Watch your allocations

Recently, I've been working on a small project in the Zig programming language where I can fuzzy filter items in a list. It does this by comparing two strings and calculating how similar they are by giving each one a score, and then ranking them by that score.

The algorithm I landed on for this was the Levenshtein distance, mostly since it seems to be the most common of them. It uses a matrix to compare the strings to calculate how many edits are needed to make them the same (also known as the edit distance).

If you haven't used Zig before, it forces you to be explicit about the allocator you're using when allocating memory, usually by passing it in as an argument.

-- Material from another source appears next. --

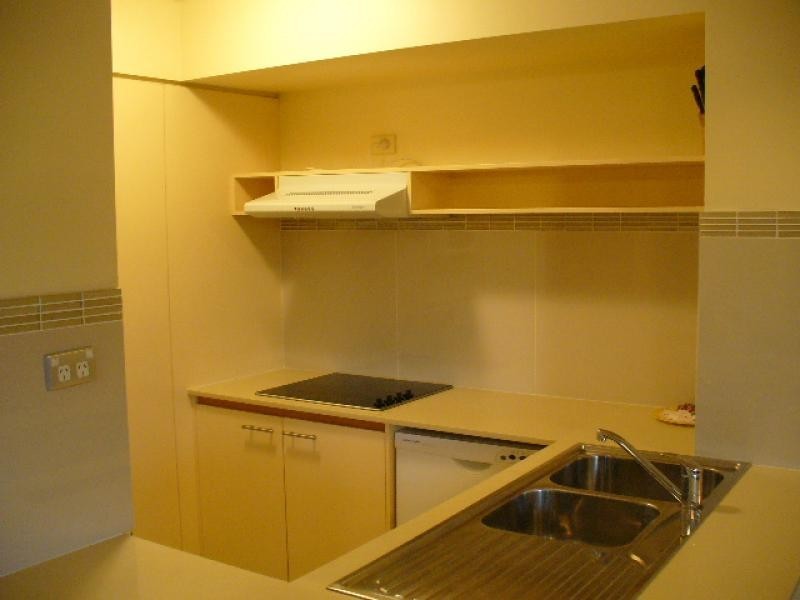 27/2320 Gold Coast Highway, Mermaid Waters QLD 4218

More on that in a bit.

Here's the function I made for comparing two strings and getting back the edit distance.

pub fn distance(allocator: std.mem.Allocator, s: []const u8, t: []const u8) !u8 {
    // Allocate an array that is the size of the two strings multiplied.
    const array = try allocator.alloc(u8, (s.len + 1) * (t.len + 1));
    defer allocator.free(array);

    // Compute and return the distance…
}

Don't worry about the details, but do note that for every comparison we do an allocation for the matrix. Since the matrix size varies for each candidate string, we can't allocate it up front (without either guessing or doing a pass to find the maximum length first).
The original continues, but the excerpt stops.